Given the sample xml below:
<_Document>
<_Data1> 'foo'
<_SubData1> 'bar1' </_SubData1>
<_SubData2> 'bar2' </_SubData2>
<_SubData3> 'bar3' </_SubData3>
</_Data1>
</_Document>
I want to capture each SubData value and update it with the Data1 value in a dictionary and then append that value to a list. Such that the output would look something like:
[{Data1: 'foo', SubData1: 'bar1'}, {Data1: 'foo', SubData2: 'bar2'}, {Data1: 'foo', SubData3: 'bar3'}]
My code is:
from lxml import etree
import re
new_records = []
for child in root.iter('_Document'): #finding all children with each 'Document' string
for top_data in child.iter(): #iterating through the entirety of each 'Document' sections tags and text.

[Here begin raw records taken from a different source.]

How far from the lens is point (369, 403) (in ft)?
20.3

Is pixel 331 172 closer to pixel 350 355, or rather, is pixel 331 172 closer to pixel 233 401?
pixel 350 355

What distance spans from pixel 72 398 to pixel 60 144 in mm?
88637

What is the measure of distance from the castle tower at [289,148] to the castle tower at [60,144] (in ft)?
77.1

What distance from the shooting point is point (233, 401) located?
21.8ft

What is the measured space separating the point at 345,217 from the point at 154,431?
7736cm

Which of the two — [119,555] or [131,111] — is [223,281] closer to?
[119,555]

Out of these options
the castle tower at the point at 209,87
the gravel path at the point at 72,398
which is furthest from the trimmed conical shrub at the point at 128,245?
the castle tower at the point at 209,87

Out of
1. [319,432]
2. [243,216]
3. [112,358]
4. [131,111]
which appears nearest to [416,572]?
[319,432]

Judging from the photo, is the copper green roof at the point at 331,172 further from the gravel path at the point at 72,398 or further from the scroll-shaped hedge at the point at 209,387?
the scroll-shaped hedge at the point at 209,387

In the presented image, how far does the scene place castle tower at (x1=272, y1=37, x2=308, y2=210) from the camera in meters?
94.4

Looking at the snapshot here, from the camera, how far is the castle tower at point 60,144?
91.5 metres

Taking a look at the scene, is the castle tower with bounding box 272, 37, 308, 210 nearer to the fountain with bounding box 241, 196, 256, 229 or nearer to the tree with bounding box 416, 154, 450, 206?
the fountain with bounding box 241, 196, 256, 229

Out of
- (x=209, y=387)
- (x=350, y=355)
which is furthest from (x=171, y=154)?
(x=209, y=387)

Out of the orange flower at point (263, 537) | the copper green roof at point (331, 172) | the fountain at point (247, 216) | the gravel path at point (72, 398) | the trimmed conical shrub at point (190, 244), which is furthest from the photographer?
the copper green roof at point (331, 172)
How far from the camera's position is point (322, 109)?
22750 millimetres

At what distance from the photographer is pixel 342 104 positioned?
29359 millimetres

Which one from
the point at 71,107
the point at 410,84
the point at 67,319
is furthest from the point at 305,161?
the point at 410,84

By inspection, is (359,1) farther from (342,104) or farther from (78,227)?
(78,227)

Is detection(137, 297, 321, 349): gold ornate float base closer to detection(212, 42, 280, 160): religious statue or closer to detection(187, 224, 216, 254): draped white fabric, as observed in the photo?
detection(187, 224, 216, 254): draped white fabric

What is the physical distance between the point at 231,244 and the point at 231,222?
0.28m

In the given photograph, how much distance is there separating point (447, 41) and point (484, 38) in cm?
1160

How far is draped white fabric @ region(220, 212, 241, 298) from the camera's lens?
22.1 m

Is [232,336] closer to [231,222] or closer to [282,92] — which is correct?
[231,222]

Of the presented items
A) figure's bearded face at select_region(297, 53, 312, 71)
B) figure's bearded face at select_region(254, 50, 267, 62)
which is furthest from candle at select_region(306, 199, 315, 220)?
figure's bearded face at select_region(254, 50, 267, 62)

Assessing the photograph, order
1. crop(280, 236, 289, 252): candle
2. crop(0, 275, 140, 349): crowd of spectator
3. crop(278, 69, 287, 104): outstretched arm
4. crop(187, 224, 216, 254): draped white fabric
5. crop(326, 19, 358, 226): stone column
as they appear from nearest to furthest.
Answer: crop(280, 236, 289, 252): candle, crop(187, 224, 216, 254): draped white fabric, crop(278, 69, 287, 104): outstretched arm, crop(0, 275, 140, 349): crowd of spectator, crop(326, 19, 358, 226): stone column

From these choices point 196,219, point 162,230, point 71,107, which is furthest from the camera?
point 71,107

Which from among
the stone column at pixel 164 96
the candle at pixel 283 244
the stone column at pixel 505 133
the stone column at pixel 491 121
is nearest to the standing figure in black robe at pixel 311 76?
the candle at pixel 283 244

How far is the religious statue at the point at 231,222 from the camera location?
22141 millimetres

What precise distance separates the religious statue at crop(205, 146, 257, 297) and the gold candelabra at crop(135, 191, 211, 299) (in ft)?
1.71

if "Data" in top_data.tag:
for data in top_data:
rec = {}
if data.text is not None and data.text.isspace() is False: #avoiding NoneTypes and empty data.

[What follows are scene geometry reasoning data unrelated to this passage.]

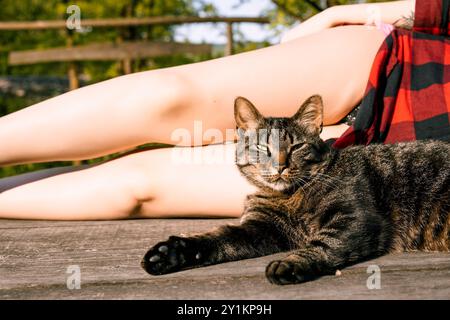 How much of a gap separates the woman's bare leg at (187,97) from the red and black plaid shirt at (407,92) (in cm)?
9

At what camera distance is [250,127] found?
2037mm

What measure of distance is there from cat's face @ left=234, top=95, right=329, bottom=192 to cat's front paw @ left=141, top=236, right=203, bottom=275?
0.51 metres

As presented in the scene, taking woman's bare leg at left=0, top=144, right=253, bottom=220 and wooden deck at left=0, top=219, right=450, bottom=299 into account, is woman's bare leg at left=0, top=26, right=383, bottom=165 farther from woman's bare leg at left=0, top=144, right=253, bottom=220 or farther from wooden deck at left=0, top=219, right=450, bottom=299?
wooden deck at left=0, top=219, right=450, bottom=299

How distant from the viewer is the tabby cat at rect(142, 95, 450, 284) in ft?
5.22

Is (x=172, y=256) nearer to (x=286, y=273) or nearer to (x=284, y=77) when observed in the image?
(x=286, y=273)

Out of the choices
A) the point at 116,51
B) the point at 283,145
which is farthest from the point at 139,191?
the point at 116,51

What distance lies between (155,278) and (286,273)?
1.16ft

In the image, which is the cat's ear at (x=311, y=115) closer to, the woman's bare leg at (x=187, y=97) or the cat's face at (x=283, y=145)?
the cat's face at (x=283, y=145)

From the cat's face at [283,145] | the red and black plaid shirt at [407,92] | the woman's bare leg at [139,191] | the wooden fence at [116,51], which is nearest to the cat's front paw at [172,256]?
the cat's face at [283,145]

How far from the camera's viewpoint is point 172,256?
150 cm

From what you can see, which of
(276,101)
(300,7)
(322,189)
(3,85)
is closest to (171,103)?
(276,101)

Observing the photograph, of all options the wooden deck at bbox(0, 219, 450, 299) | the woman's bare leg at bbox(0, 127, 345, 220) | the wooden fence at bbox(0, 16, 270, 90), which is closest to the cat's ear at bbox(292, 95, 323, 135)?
the woman's bare leg at bbox(0, 127, 345, 220)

g = data.tag.strip("_") #cleaning up the tag
rec[g] = data.text.replace("\n", " ") #cleaning up the value
for b in re.finditer(r'^_SubData', data.tag): #searching through each 'SubData' contained in a given tag.
for subdata in data:
subdict = {}
if subdata.text is not None: #again preventing NoneTypes
z = subdata.tag.strip("_") #tag cleaning
subdict[z] = subdata.text.replace("\n", " ") #text cleaning
rec.update(subdict) #update the data record dictionary with the subdata
new_records.append(rec) #appending to the list
This, unfortunately, outputs:
[{Data1: 'foo', SubData3: 'bar3'}]
As it only updates and appends the final update of the dictionary.
I've tried different varieties of this including initializing a list after the first 'if' statement in the second for loop to append after each loop pass, but that required quite a bit of clean up at the end to get through the nesting it would cause. I've also tried initializing empty dictionaries outside of the loops to update to preserve the previous updates and append that way.
I'm curious if there is some functionality of lxml that I've missed or a more pythonic approach to get the desired output.